= Data extracts =
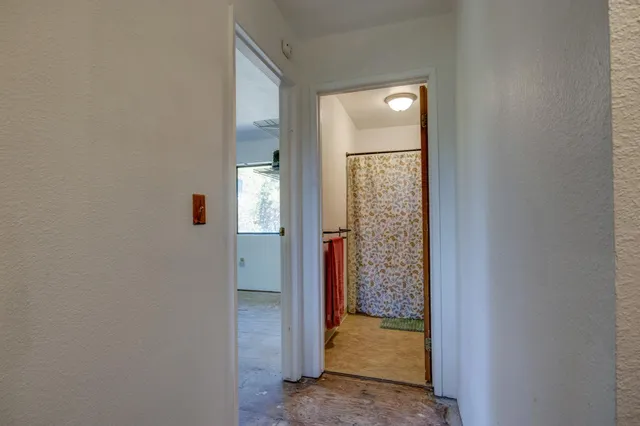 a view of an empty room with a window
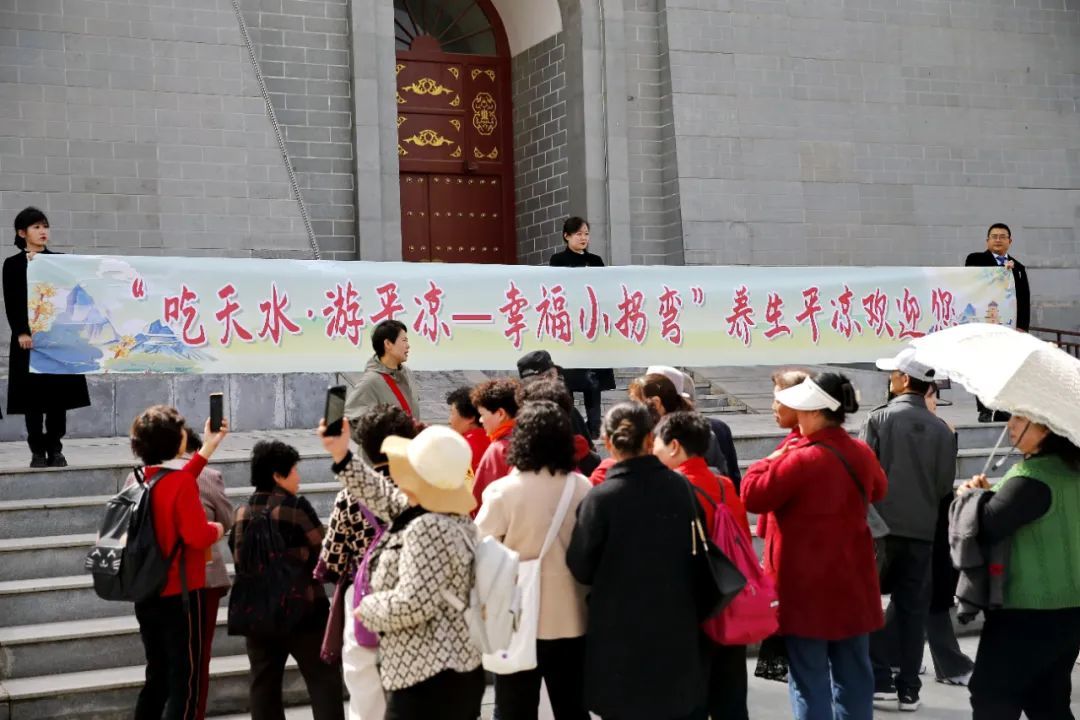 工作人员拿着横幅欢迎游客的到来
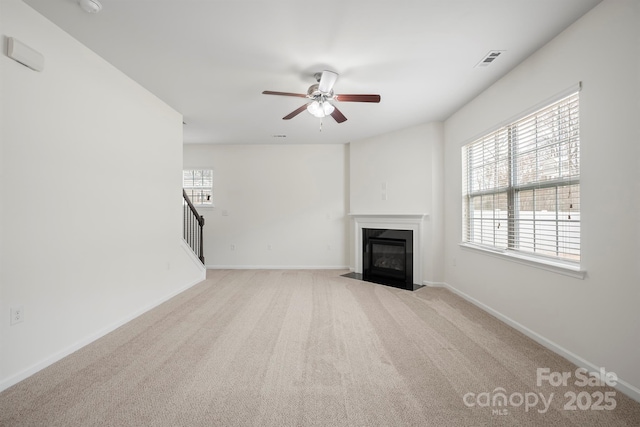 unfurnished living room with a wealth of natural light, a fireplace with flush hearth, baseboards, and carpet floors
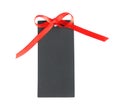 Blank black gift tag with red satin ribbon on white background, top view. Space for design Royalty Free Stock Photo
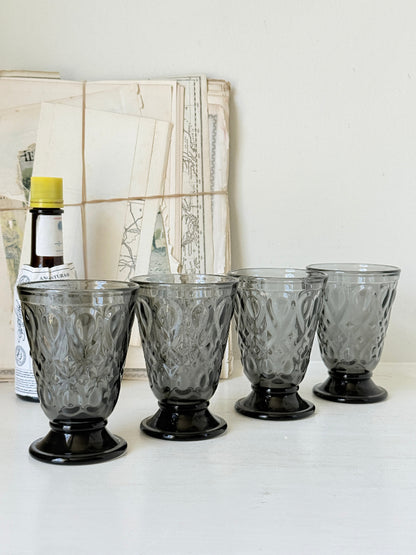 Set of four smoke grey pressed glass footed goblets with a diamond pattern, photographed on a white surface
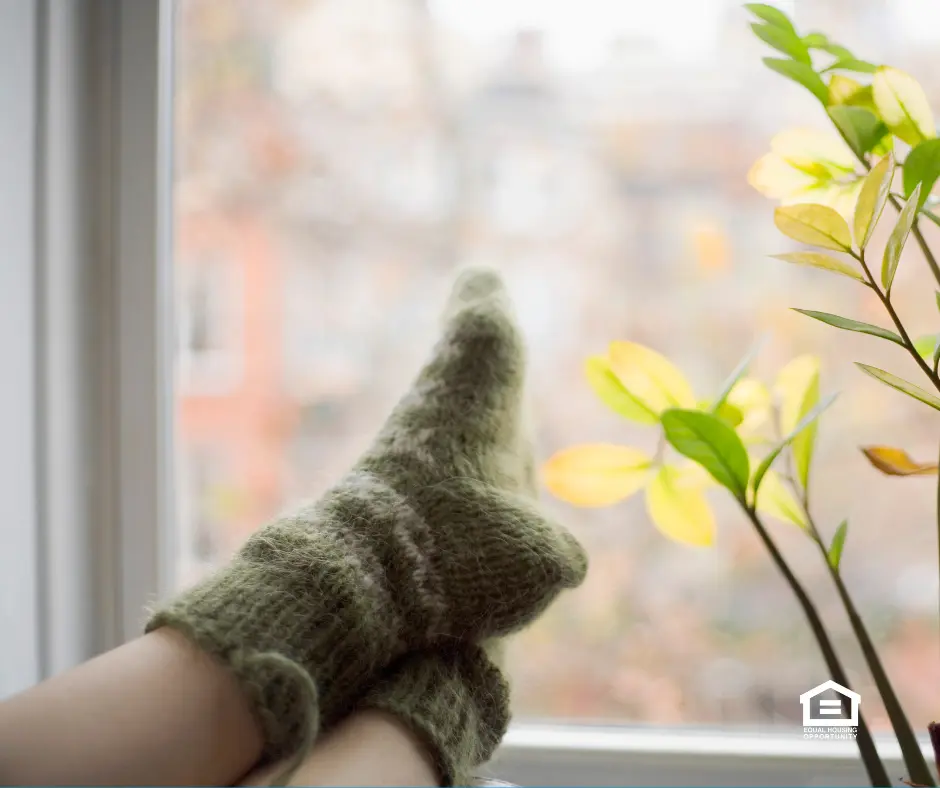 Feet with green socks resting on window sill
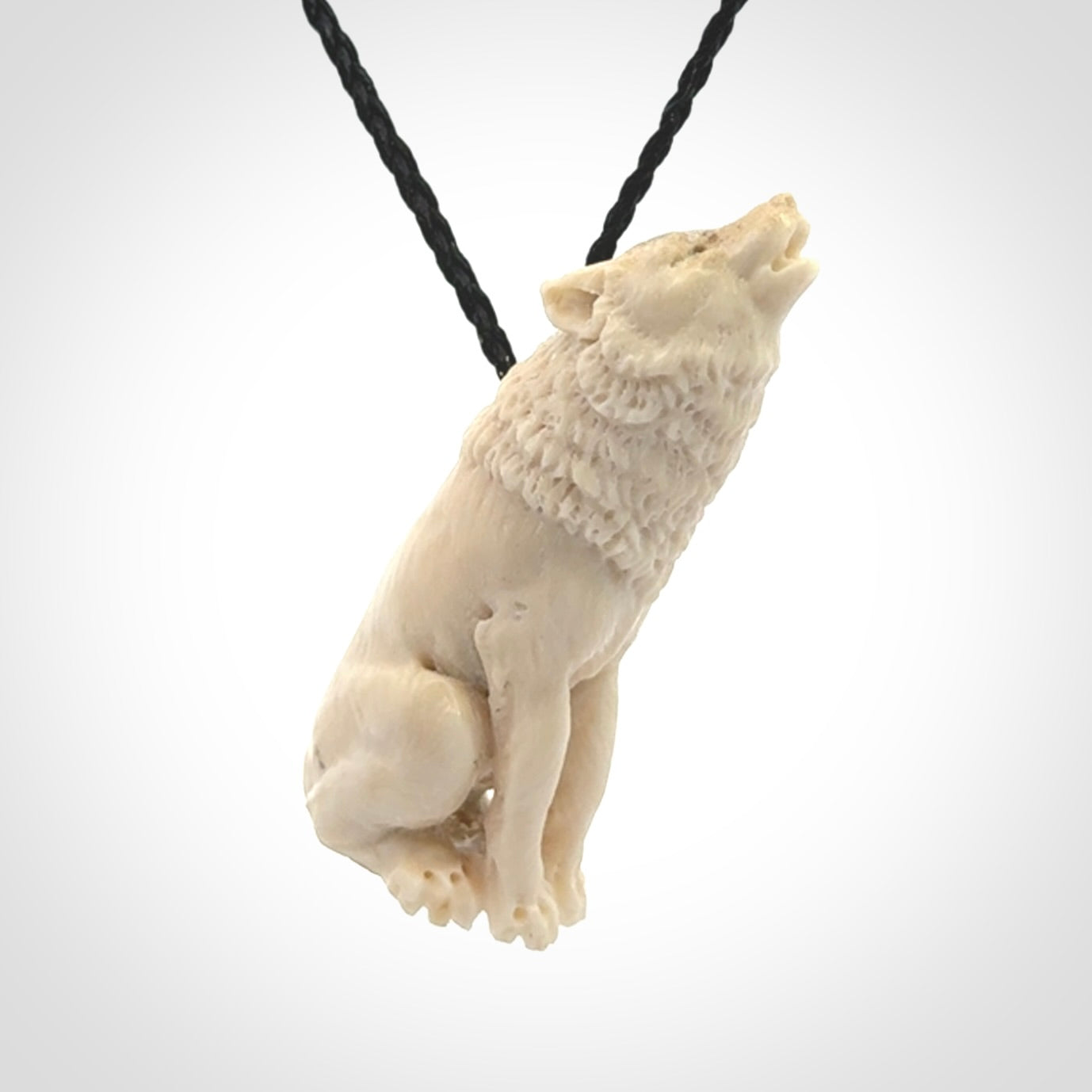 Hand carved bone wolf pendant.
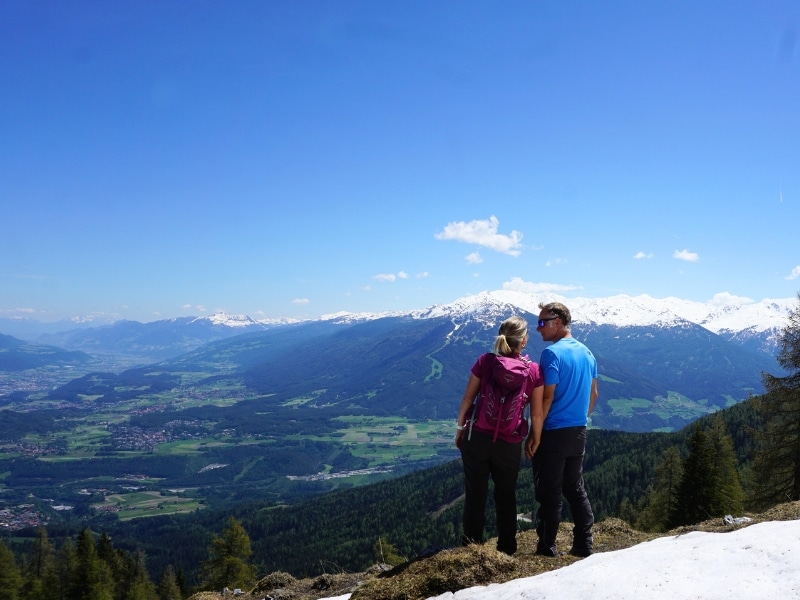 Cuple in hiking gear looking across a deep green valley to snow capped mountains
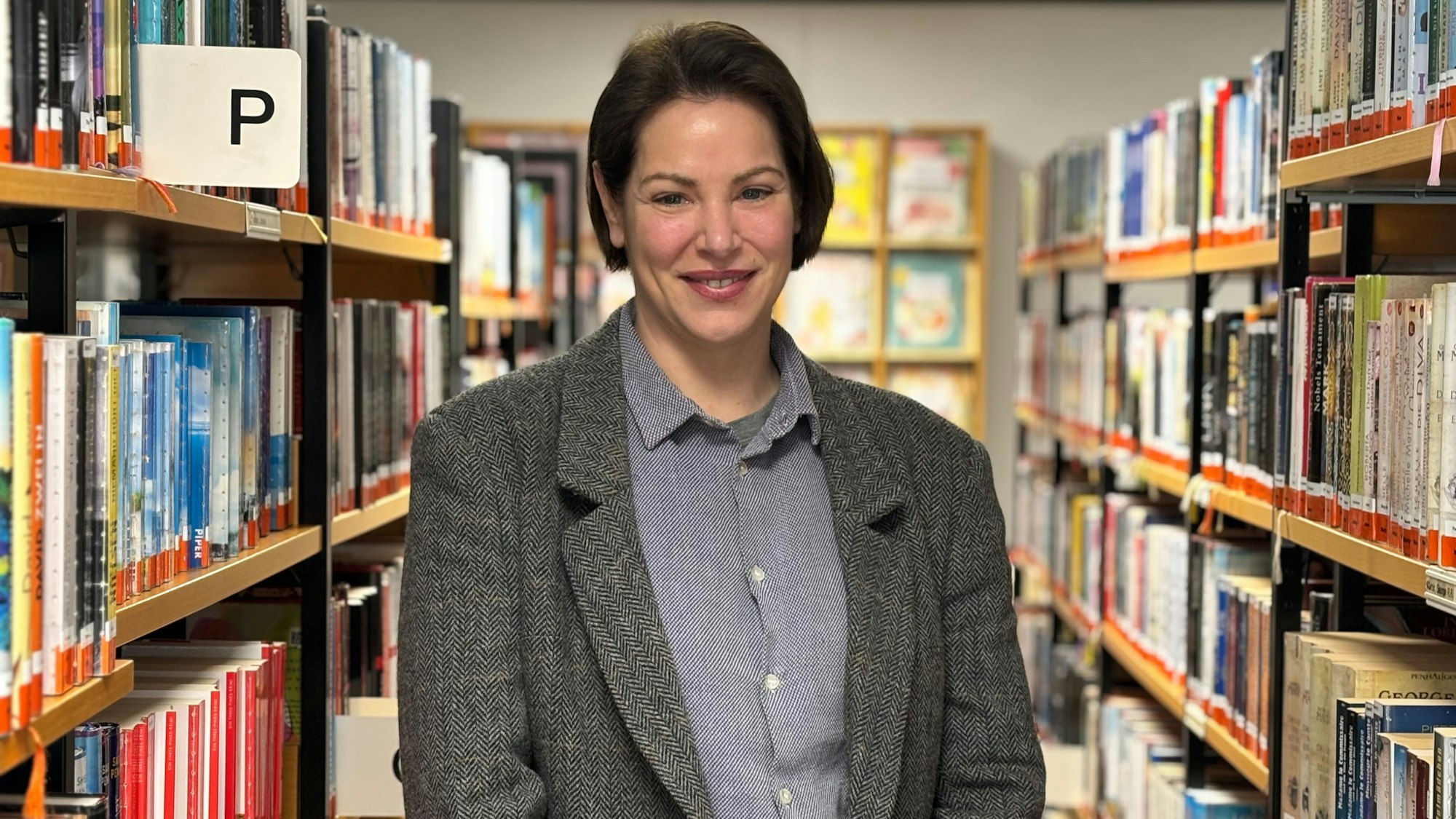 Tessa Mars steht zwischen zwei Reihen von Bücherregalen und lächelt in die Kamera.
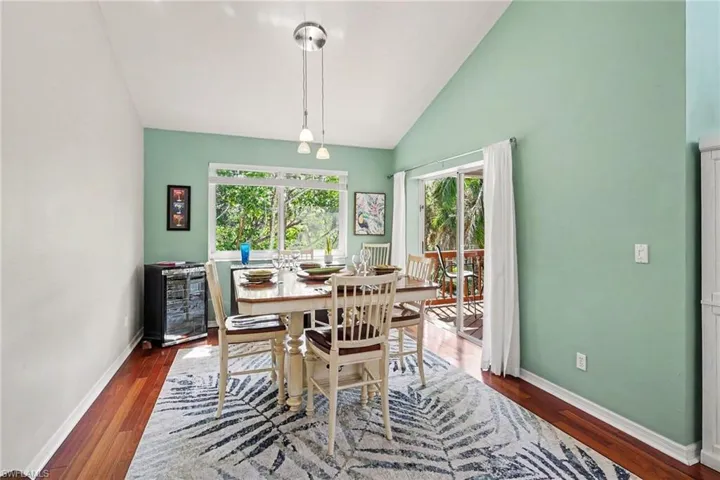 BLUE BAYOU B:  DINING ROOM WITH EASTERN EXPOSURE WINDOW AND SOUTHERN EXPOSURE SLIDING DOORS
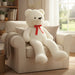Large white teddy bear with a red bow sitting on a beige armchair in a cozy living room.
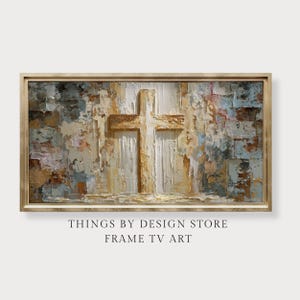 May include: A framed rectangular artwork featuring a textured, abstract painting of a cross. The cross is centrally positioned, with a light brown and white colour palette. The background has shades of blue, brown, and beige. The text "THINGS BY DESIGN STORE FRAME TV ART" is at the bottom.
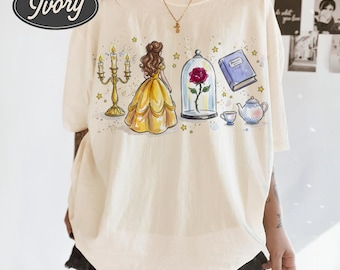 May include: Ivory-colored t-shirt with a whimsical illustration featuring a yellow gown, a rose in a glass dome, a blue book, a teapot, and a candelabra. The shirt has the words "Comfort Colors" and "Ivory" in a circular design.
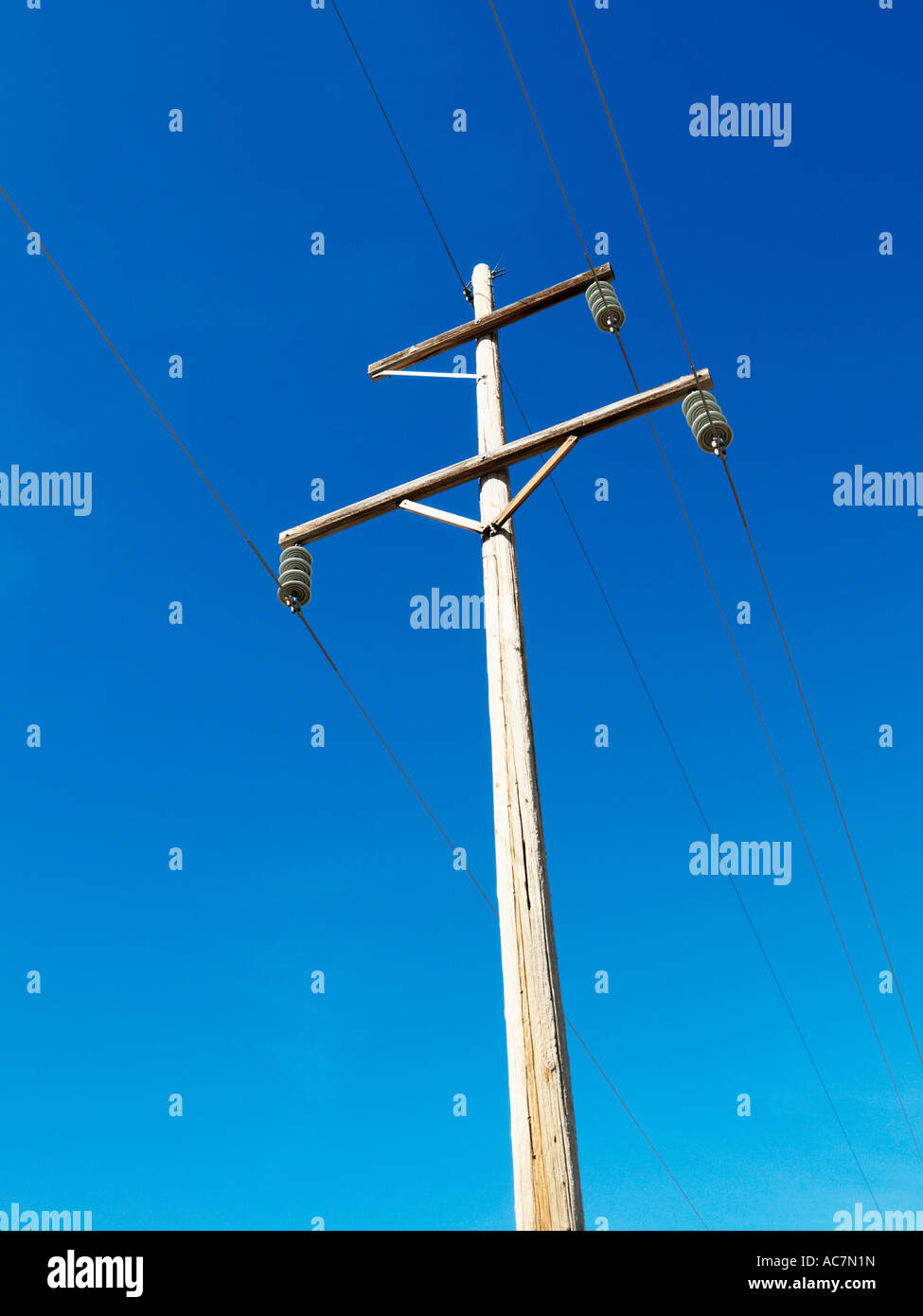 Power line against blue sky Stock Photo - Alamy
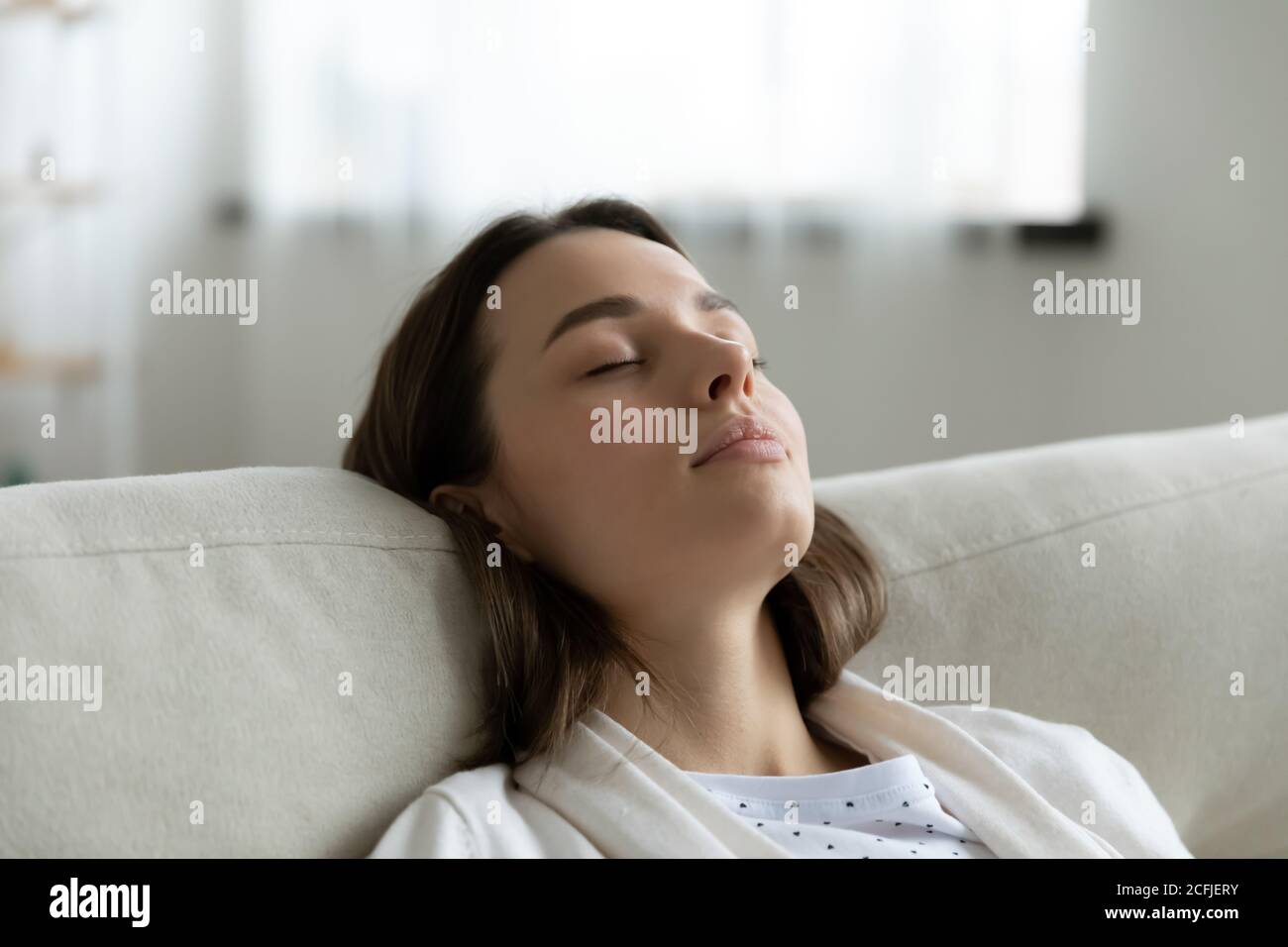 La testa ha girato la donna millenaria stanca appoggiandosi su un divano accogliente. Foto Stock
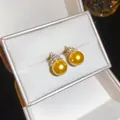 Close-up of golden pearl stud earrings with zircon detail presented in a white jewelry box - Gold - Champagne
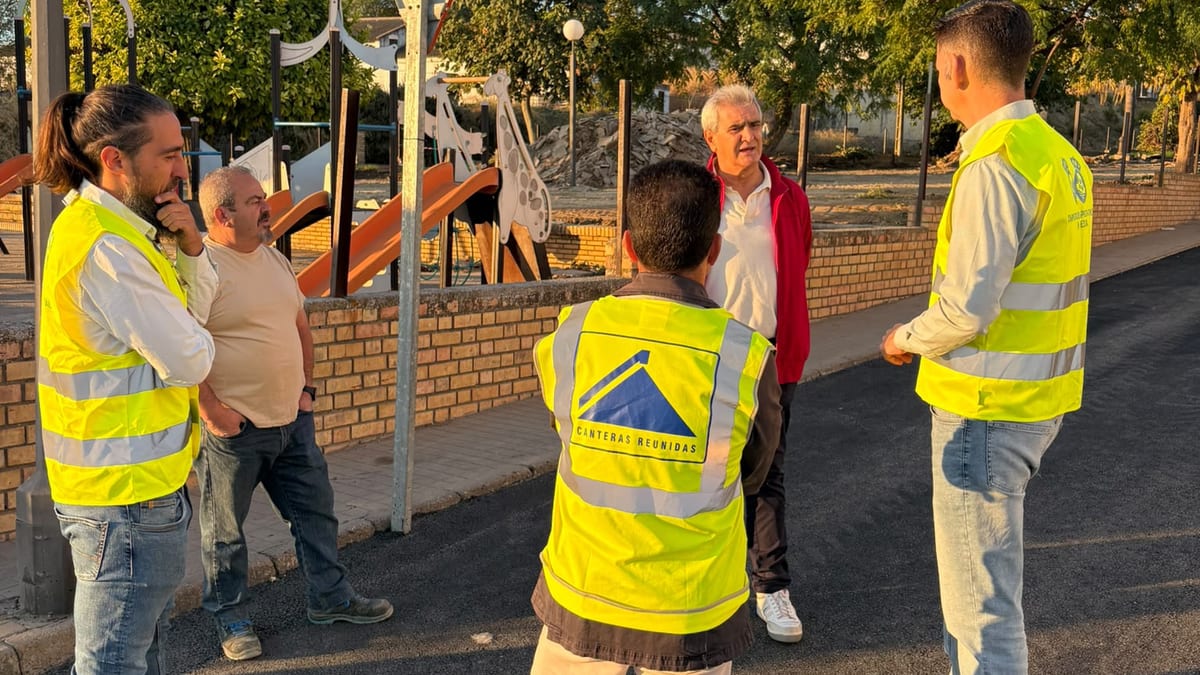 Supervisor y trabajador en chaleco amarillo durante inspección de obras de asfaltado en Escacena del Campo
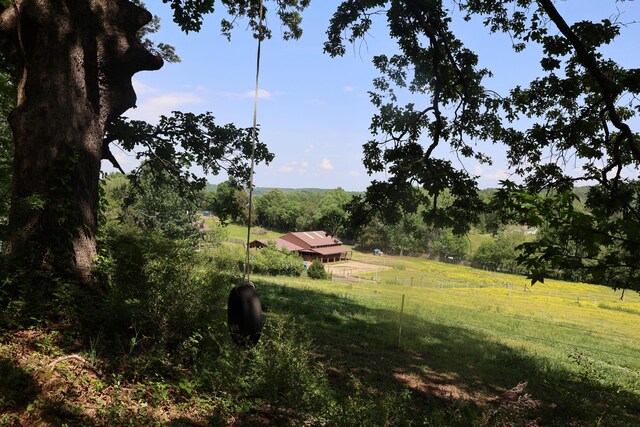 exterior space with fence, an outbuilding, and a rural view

= Problem =
Please print each entry exactly as given and keep pictures out of it.

= Solution for this task =
 a view of an empty room with a window
 工作人员拿着横幅欢迎游客的到来
 unfurnished living room with a wealth of natural light, a fireplace with flush hearth, baseboards, and carpet floors
 Blank black gift tag with red satin ribbon on white background, top view. Space for design Royalty Free Stock Photo
 Set of four smoke grey pressed glass footed goblets with a diamond pattern, photographed on a white surface
 Feet with green socks resting on window sill
 Hand carved bone wolf pendant.
 Cuple in hiking gear looking across a deep green valley to snow capped mountains
 Tessa Mars steht zwischen zwei Reihen von Bücherregalen und lächelt in die Kamera.
 BLUE BAYOU B:  DINING ROOM WITH EASTERN EXPOSURE WINDOW AND SOUTHERN EXPOSURE SLIDING DOORS
Large white teddy bear with a red bow sitting on a beige armchair in a cozy living room.
 May include: A framed rectangular artwork featuring a textured, abstract painting of a cross. The cross is centrally positioned, with a light brown and white colour palette. The background has shades of blue, brown, and beige. The text "THINGS BY DESIGN STORE FRAME TV ART" is at the bottom.
 May include: Ivory-colored t-shirt with a whimsical illustration featuring a yellow gown, a rose in a glass dome, a blue book, a teapot, and a candelabra. The shirt has the words "Comfort Colors" and "Ivory" in a circular design.
 Power line against blue sky Stock Photo - Alamy
 La testa ha girato la donna millenaria stanca appoggiandosi su un divano accogliente. Foto Stock
 Close-up of golden pearl stud earrings with zircon detail presented in a white jewelry box - Gold - Champagne
 Supervisor y trabajador en chaleco amarillo durante inspección de obras de asfaltado en Escacena del Campo
 exterior space with fence, an outbuilding, and a rural view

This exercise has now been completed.